The major event this week was the monetary policy meeting of the Federal Reserve that ended yesterday. While the Fed did not present clear timing for a start of monetary tightening and the tone of the statement was not much more hawkish than it has been before, the US dollar rallied nevertheless and continued to rise today.
The Fed trimmed its bond-purchasing program by another $10 billion and central bank’s chief Janet Yellen said at the press-conference after the gathering that quantitative easing will likely be ended next month. The statement kept the wording that suggested interest rates will remain low for a “considerable time”. This led to speculations that an interest rate hike will not happen as soon as dollar bulls were hoping for. The Fed also released its plans for eventual normalization of monetary policy, but Yellen said:
Let me underscore that our release of this information is not meant to convey any change in the stance of policy.
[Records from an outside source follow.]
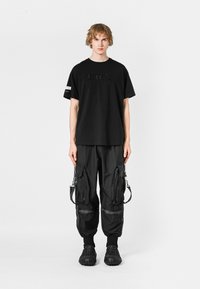 Camiseta de algodón negra con lettering texturizado, combinada con pantalones cargo negros con cremalleras y correas, finalizando con calzado negro.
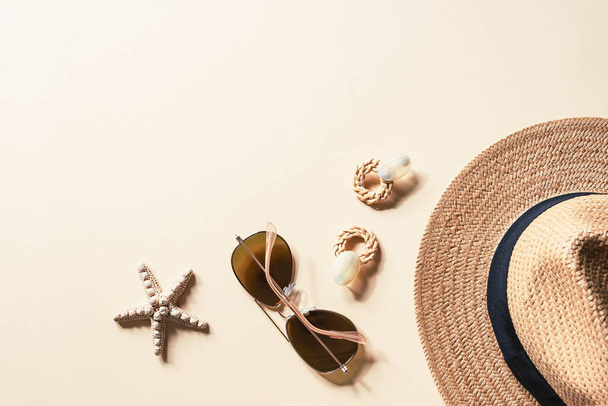 Vlakke lay met vrouwen zomer accessoires op neutrale achtergrond. Zonnebril, strohoed, oorbellen en zeesterren. Zomer reisconcept. Bovenaanzicht, kopieer ruimte - Foto, afbeelding
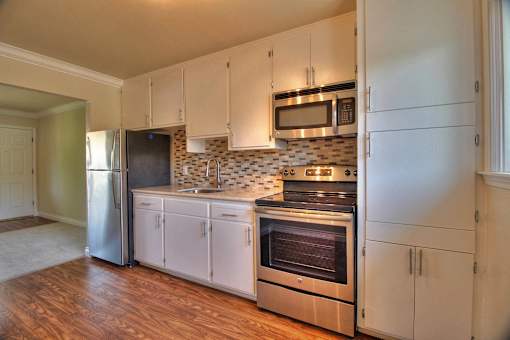 a kitchen with white cabinets and stainless steel appliances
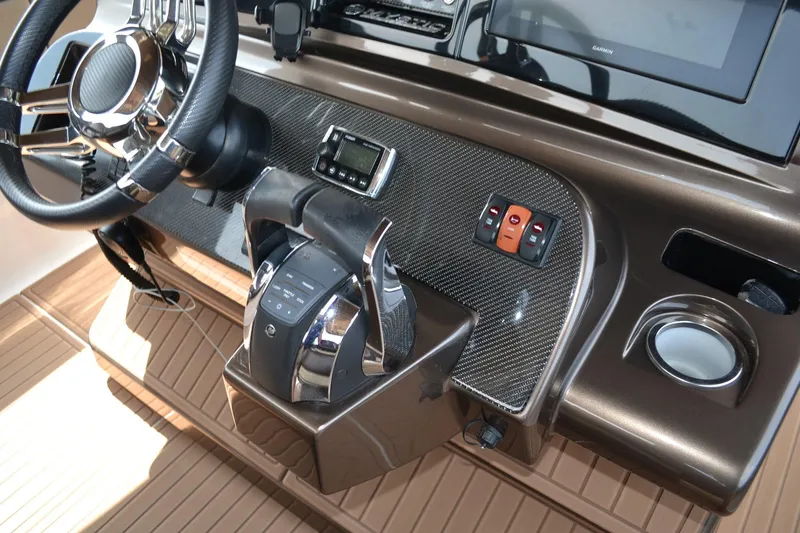 Slide: The Image of 2016 Mystic Powerboats M4200 helm with modern controls and carbon fiber accents. - 17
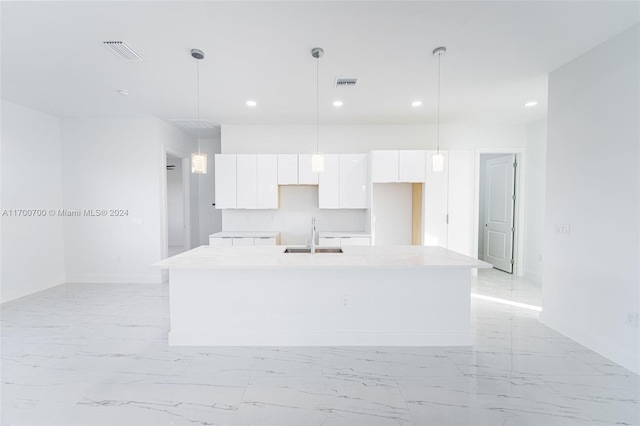 kitchen featuring white cabinets, decorative light fixtures, sink, and an island with sink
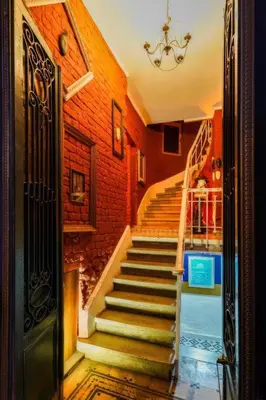 a staircase in a house with a brick wall at White Bolshoi Rooms in Istanbul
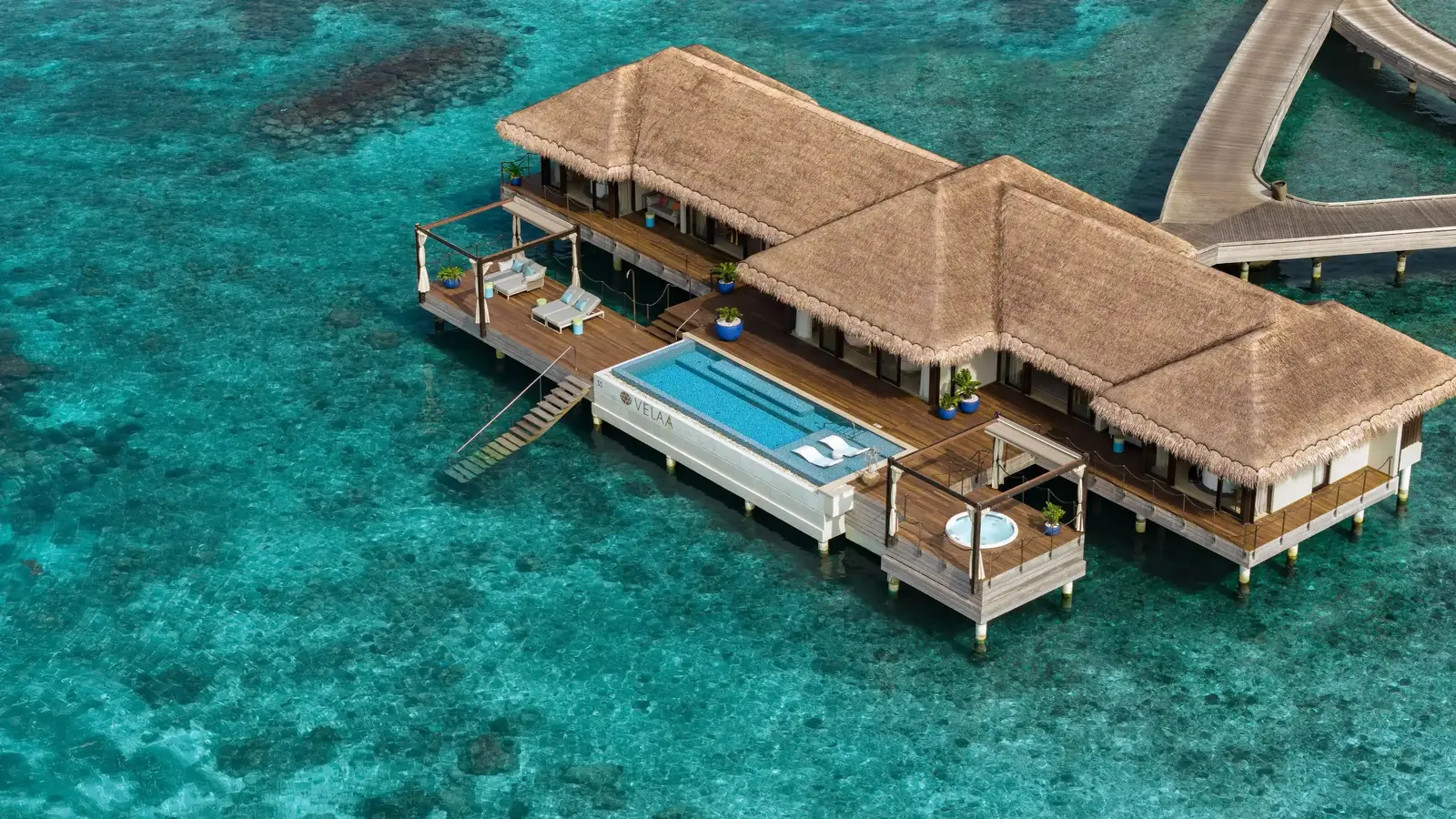 The Ocean Pool House from the air, alone over the water at the tip of the island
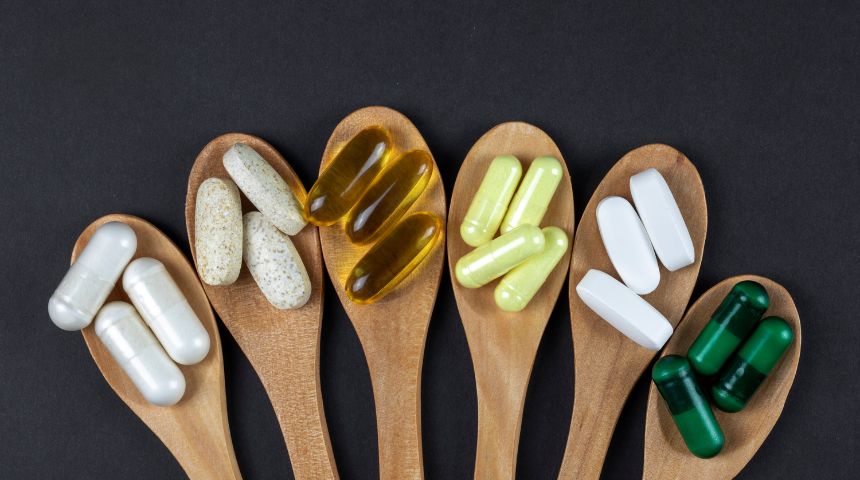 Six wooden spoons with different vitamins on them.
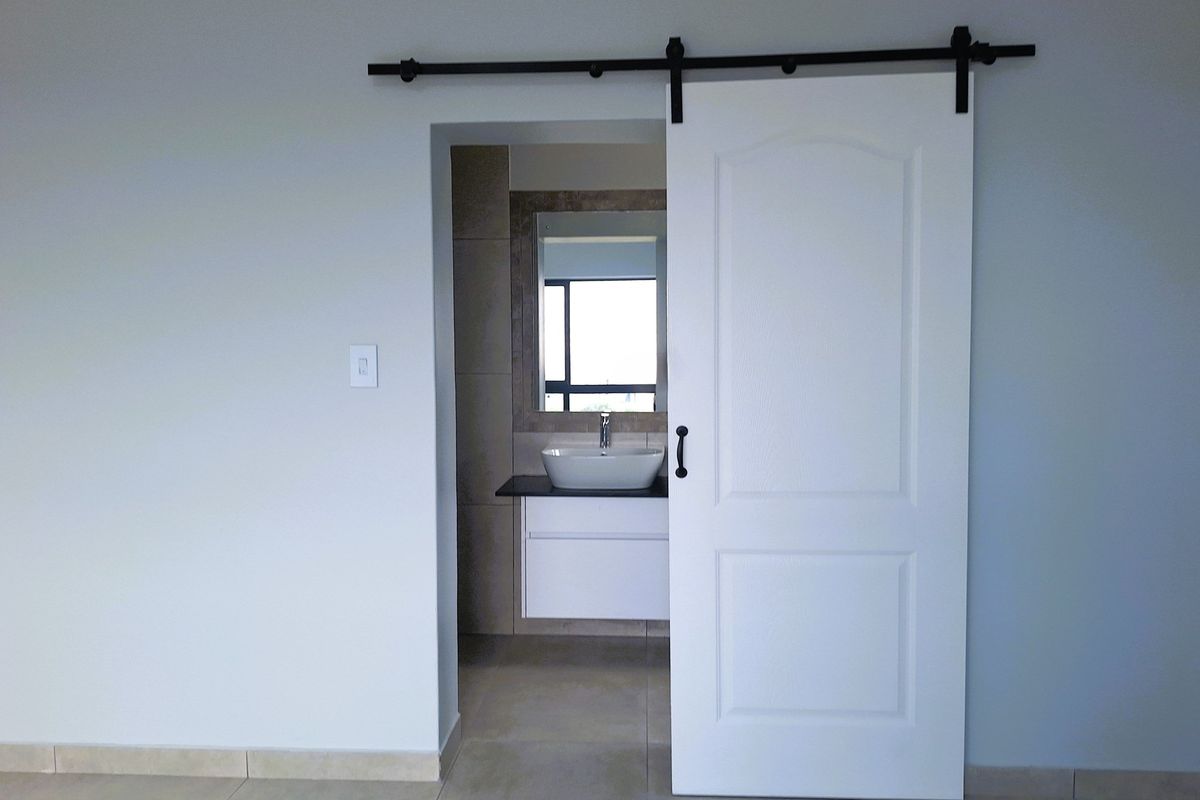 A modern bathroom featuring a vessel sink, vanity cabinet, and a wall-mounted mirror, accessed via a white sliding barn door.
The dollar was not very strong ahead of the policy meeting, especially after a report revealed that consumer prices fell last month unexpectedly, but the currency rallied after the policy announcement. While the statement was not that positive for the greenback (though not negative either), there were two policy makers who thought that the economy fares well and the pledge to keep borrowing costs low for a prolonged time is unnecessary.
EUR/USD fell from 1.2865 to 1.2859 as of 5:05 GMT today after touching the low of 1.2835 — the weakest rate since July 2013. GBP/USD slipped from 1.6273 to 1.6258. USD/JPY rallied from 108.36 to 108.79 — the highest level since September 2008.